A menos de una semana para las elecciones legislativas de Estados Unidos (8 de noviembre), una de las incógnitas es cómo influirá en el voto el apoyo del Partido Demócrata a causas o doctrinas woke, sobre todo el de algunos de sus miembros a las más impopulares como el movimiento a favor de reducir el presupuesto de la policía (“Defund the Police”) o el antirracismo de Ibram X. Kendi.

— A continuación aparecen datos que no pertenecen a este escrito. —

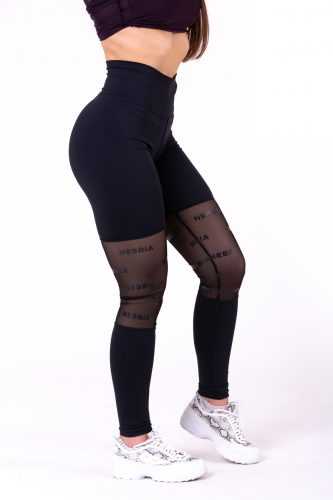 Női leggings Mesh it up! 666  M Nebbia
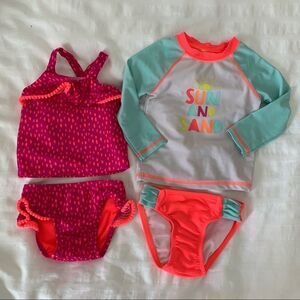 2 Cat & Jack bathing suits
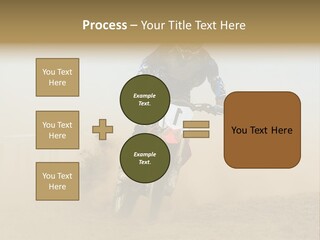 Race One Runner PowerPoint Template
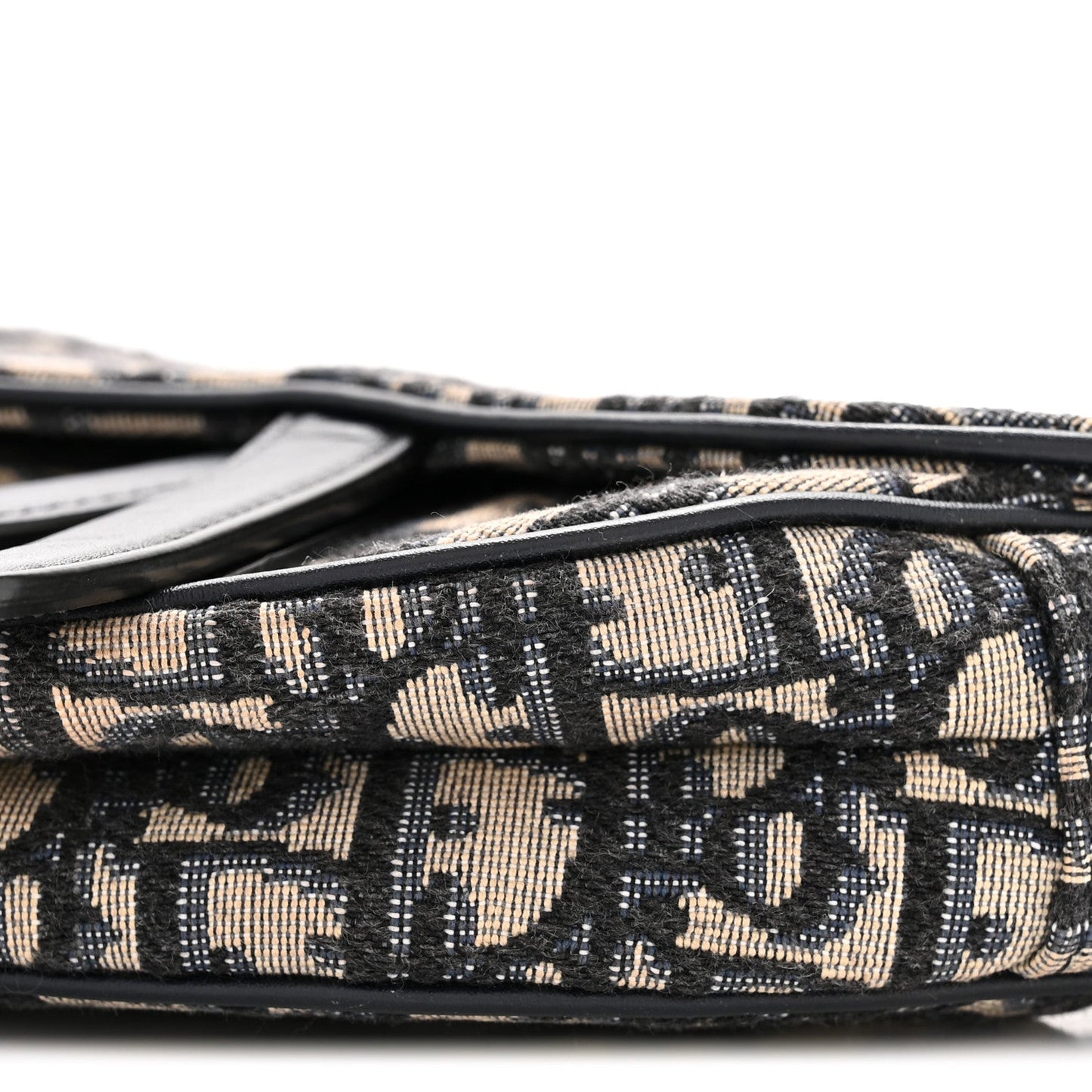 Oblique Mini Saddle Bag Blue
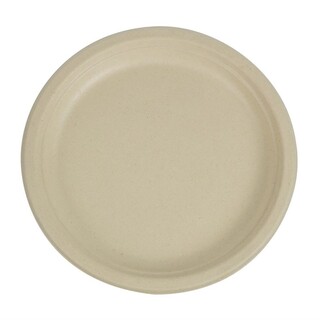 photo 1 assiettes rondes compostables en fibres de blé egreen 250 mm lot de 1000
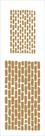 Stencil Simples Tijolos Iii 1084 10x30 Opa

Ahora que el rechazo a Donald Trump ya no sirve como factor unificador de las facciones de la izquierda, las divisiones internas quedarán más expuestas. Se ha visto durante la campaña: izquierdistas de peso como Bernie Sanders pidieron a los demócratas que se centraran en la economía, mientras otros vieron en el aborto la gran baza electoral.

Versos sueltos

La incertidumbre es grande, y el factor woke podría ser relevante. Hace un año, con Joe Biden ya en la Casa Blanca, el republicano Glenn Youngkin –un empresario sin experiencia política, de tono moderado– ganó las elecciones a gobernador de Virginia frente a un veterano demócrata, Terry McAuliffe. Además de hablar mucho de economía, el republicano mantuvo un discurso muy firme contra la implantación de la teoría crítica de la raza en las escuelas. El demócrata subestimó esa preocupación y recibió duros reproches por declarar que “los padres no deberían decir a las escuelas lo que tienen que enseñar”.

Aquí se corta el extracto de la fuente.